When "FASTMODE" option is set to "yes" in docker-compose file (services > wrapper > environment) and "checkResult" is "false", a simple process is first tried. If Nominatim does not give any response, the full batch mode is started. Here are the steps being started (which roughly also corresponds to steps performed in batch mode):
- The following address is sent to Nominatim : "street, houseNumber, postCode city, country" (if structOsm is 'false')
- If it gives results, we format all results, and set in "output" part: :
- "street": first not null value in the following fields: ["road", "pedestrian","footway", "cycleway", "path", "address27", "construction", "hamlet", "park"]
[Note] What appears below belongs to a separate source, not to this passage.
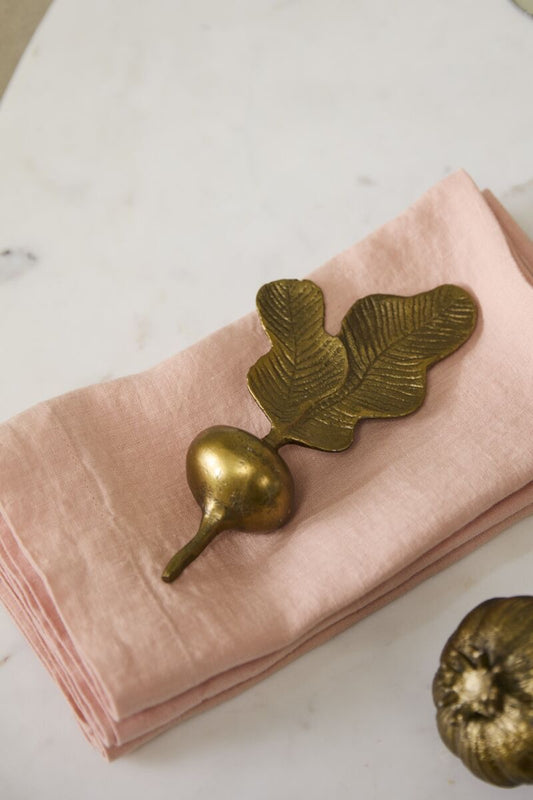 Gilded Radish Decor Piece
- "city": first value in ["town", "village", "city_district", "county", "city"],
- "houseNumber": "house_number",
- "country": "country",
- "postCode": "postcode",
- fields ["display_name", "place_id", "lat","lon", "place_rank"] as simply copied from Nominatim output
- "match" corresponds to the first result (with "method" set to "fast"), "reject" to all others (with "rejectReason" set to "tail") if any
- If place_rank in match record is below 30 and housenumber (in input) contains other characters than digits, we retry to call Nominatim by only considering the first digits of housenumber : "30A","30.3", "30 bt 2", "30-32" become "30". If it gives a result with place_rank = 30, we keep it (in this case, a "cleansedHouseNumber" appears in the output, with "30" in this example). Otherwise, we keep the original result
- If extraHouseNumber is 'yes', we apply the method described above (in REST API > options) to enrich record with libpostal data.